Quand une fiche de sécurité comporte des erreurs

Les fournisseurs sont tenus de fournir les fiches de données de sécurité (= “FDS”), mais pas les fiches techniques (qui sont des secrets de fabrication lorsqu’il s’agit d’émaux prêts à l’emploi et sont donc systématiquement très vagues). Ces FDS comptent en général 12 ou 13 pages, car leur forme est définie par la réglementation, mais ne tiennent pas compte de tous les scénarios d’utilisation possibles. En effet, une fiche de données de sécurité (FDS) se limite aux risques encourus lors d’expositions à la substance telle qu’elle est commercialisée – donc en poudre, sans tenir compte d’une possible transformation ultérieure, par exemple dans un four céramique. 

Non classé = pas dangereux ??

C’est ainsi que nous pouvons être confrontés à des matières premières “NON CLASSEES” mais que la combustion va rendre pourtant éminemment dangereuses au niveau des FUMEES produites. 

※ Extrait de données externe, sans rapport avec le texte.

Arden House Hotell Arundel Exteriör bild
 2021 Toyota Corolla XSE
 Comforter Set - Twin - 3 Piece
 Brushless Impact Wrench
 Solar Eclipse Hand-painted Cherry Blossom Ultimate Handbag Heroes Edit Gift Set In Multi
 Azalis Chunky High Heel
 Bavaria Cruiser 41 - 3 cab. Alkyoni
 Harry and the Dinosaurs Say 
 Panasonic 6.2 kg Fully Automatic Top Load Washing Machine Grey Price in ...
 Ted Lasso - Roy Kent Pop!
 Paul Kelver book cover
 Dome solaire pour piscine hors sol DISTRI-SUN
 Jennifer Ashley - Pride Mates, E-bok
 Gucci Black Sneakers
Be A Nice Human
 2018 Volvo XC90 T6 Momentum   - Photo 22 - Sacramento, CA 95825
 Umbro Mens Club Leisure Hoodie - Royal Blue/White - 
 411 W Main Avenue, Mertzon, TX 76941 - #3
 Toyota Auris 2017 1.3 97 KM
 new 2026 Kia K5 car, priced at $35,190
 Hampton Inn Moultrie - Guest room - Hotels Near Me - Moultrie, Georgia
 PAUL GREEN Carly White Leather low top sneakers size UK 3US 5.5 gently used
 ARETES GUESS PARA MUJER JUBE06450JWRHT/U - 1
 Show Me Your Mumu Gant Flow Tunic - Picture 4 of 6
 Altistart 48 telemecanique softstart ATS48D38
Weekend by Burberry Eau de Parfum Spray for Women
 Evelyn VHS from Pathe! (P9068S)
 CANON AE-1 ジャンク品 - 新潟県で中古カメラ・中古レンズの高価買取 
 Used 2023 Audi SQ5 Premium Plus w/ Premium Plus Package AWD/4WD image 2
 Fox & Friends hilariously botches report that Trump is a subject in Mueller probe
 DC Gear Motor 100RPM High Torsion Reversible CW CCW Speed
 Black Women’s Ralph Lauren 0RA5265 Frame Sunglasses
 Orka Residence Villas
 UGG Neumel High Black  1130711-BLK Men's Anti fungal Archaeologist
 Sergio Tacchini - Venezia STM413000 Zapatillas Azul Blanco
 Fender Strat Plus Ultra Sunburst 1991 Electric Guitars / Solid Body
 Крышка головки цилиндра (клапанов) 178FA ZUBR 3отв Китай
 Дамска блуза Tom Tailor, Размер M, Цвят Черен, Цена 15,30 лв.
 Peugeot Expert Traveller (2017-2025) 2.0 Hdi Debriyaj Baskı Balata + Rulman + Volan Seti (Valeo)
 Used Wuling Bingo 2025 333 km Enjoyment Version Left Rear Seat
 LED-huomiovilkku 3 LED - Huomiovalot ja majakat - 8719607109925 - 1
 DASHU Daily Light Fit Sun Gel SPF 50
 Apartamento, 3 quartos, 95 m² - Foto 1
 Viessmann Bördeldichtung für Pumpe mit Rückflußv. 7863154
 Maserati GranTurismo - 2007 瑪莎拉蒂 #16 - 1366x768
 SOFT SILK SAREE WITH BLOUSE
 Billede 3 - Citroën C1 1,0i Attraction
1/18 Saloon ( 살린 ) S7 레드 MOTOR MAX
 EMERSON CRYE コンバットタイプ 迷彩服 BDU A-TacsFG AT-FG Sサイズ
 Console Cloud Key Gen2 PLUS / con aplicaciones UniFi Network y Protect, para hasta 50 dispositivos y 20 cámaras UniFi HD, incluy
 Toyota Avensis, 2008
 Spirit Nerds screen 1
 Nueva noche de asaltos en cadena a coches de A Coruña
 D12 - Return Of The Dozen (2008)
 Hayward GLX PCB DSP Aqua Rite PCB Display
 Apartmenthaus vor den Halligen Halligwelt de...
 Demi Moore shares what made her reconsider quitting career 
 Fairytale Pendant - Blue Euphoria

En exemple voici la fiche de sécurité d’un émail “pourpre nacré”. Nous allons nous limiter à quelques extraits et voir que ce produit est vraiment dangereux lors de la combustion, et qu’en plus il contient une erreur au niveau des “mentions de danger”. 

Analyse d’un émail vendu en poudre EKM0631

La 1e section mentionne le nom de cet émail “pourpre nacré” et les coordonnées du revendeur. Passons immédiatement à la section “identification des dangers”.

Identification des dangers dans une fiche de sécurité
Identification des dangers dans une fiche de sécurité

On voit ici un seul pictogramme de danger : le “poumon éclaté”, qui est accompagné d’une série de mentions “H”. Ce picto provient d’études réalisées sur des animaux de laboratoire et/ou d’études épidémiologiques sur des populations humaines. Il indique que la dangerosité relève d’une exposition chronique, donc répétée. Les études sont continues, et donc les mentions de danger évoluent : des substances qu’on pensait relativement anodines par le passé sont actuellement présumées voire confirmées d’être cancérogènes.

A retenir : c’est la combinaison DOSE et FREQUENCE d’exposition qui produit des effets. Les mentions “H” sont définies par la réglementation : les lire nous informe sur la nature des risques. 

Malheureusement il faut être à la fois chimiste et “Sherlock Holmes” dans certains cas. Ici la mention “H362: nocif pour les bébés nourris au lait maternel” a intrigué le chimiste avec qui je travaille (mon mari), voir plus bas.  

Les synonymes qu’on ne connaît pas toujours

Mentions P dans une fiche de sécurité
Mentions P dans une fiche de sécurité

Plus bas sur la fiche, on peut lire que le produit contient de “l’hexafluoroaluminate”.   Nous connaissons cette matière première plus souvent sous le nom de CRYOLITHE. Les personnes qui ont suivi mon cours de techno (ou la formation “matières premières” en vidéos) savent que c’est une des MP que je déconseille absolument si on n’a pas un four installé à l’extérieur, en raison de la présence de Fluor, qui va inévitablement dégager du gaz fluorhydrique lors de la combustion. 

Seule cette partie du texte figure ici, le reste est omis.